Although the proposed approach provides a practical solution for high-resolution imaging across various ranges, making it a valuable tool for applications in fields such as remote sensing, surveillance and environmental monitoring, some limitations remain. The implementation of discrete FrFT within the pseudopolar coordinate system involves complex mathematical operations, which can be computationally intensive. This complexity can limit real-time applications and require significant computational resources, especially for high-resolution imaging tasks. Moreover, the existing FrFT transform formations are sensitive to noise. Any noise present in the data can be amplified during the transformation process, potentially leading to degraded image quality. Effective noise reduction techniques are essential but can add to the overall computational burden. Finally, the existing algorithms for FrFT in pseudopolar coordinates may not be fully optimized for all practical scenarios. Further refinement is needed to ensure robustness and efficiency across different applications and conditions.

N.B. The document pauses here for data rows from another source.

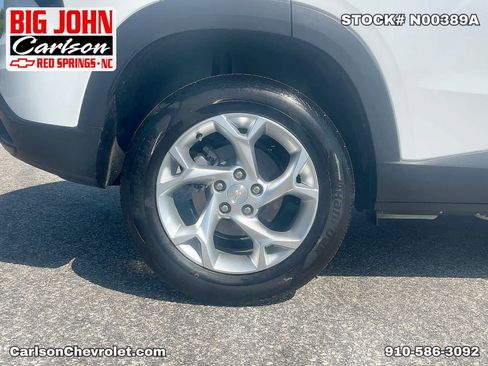 Used 2024 Chevrolet Trax LS w/ LS Convenience Package FWD image 37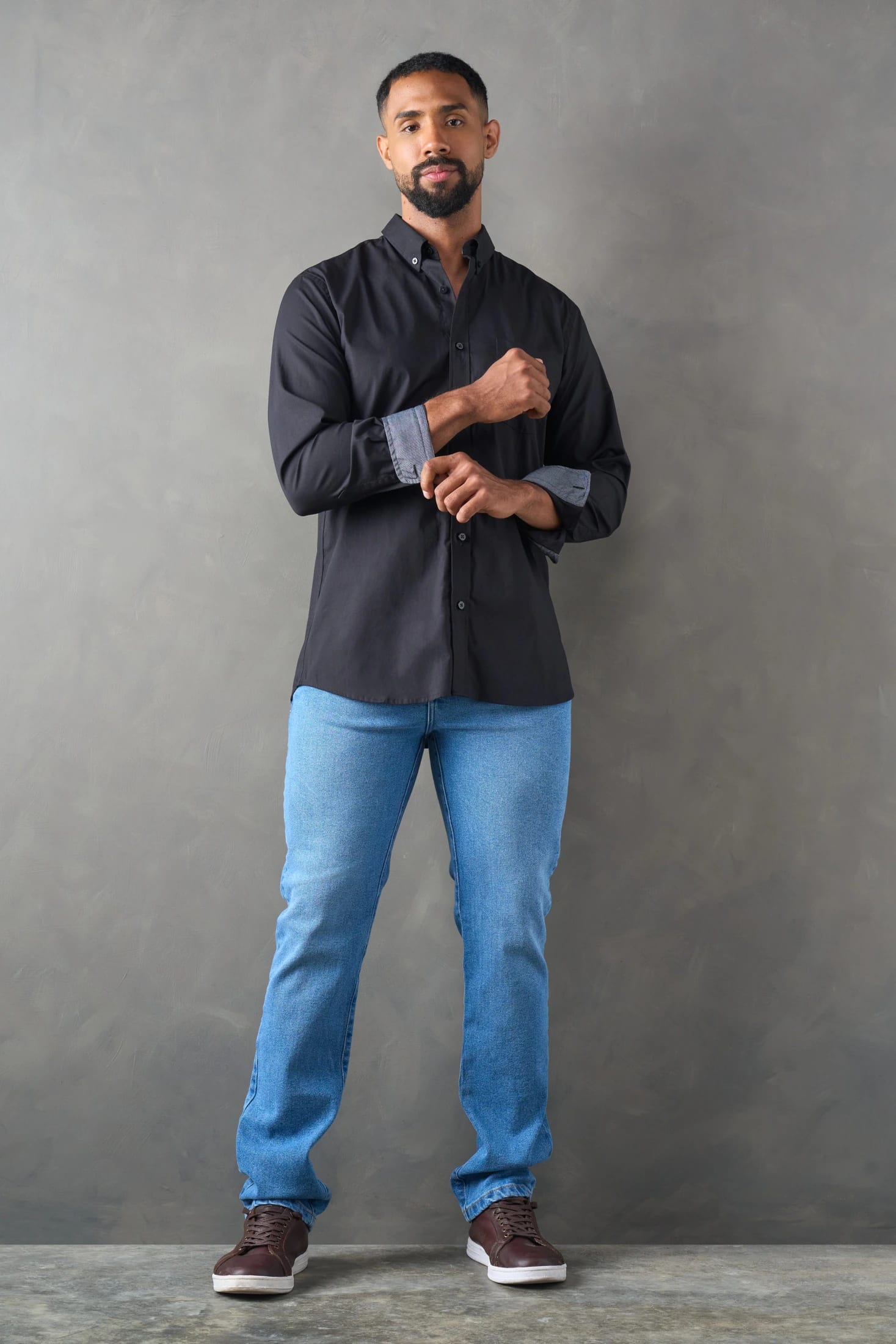 Camisa manga larga regular fit negro - imagen 4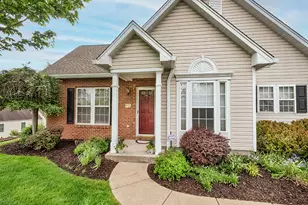 6054 Belle Terre Ct, South Fayette, PA 15017 - Photo 3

Therefore, research can focus on developing more efficient algorithms to reduce the computational complexity associated with FrFT. Techniques such as parallel processing and optimized matrix operations could be explored to make the process faster and more efficient, and developing advanced noise reduction methods that can be integrated with FrFT processes will be crucial. This could involve adaptive filtering techniques that can dynamically adjust to varying noise levels and improve the overall robustness of the imaging system. More importantly, collaboration with hardware developers to design radar systems specifically tailored to support FrFT and pseudopolar coordinates would be beneficial. This could involve the creation of specialized antennas and signal processing units that optimize the performance of these advanced imaging techniques.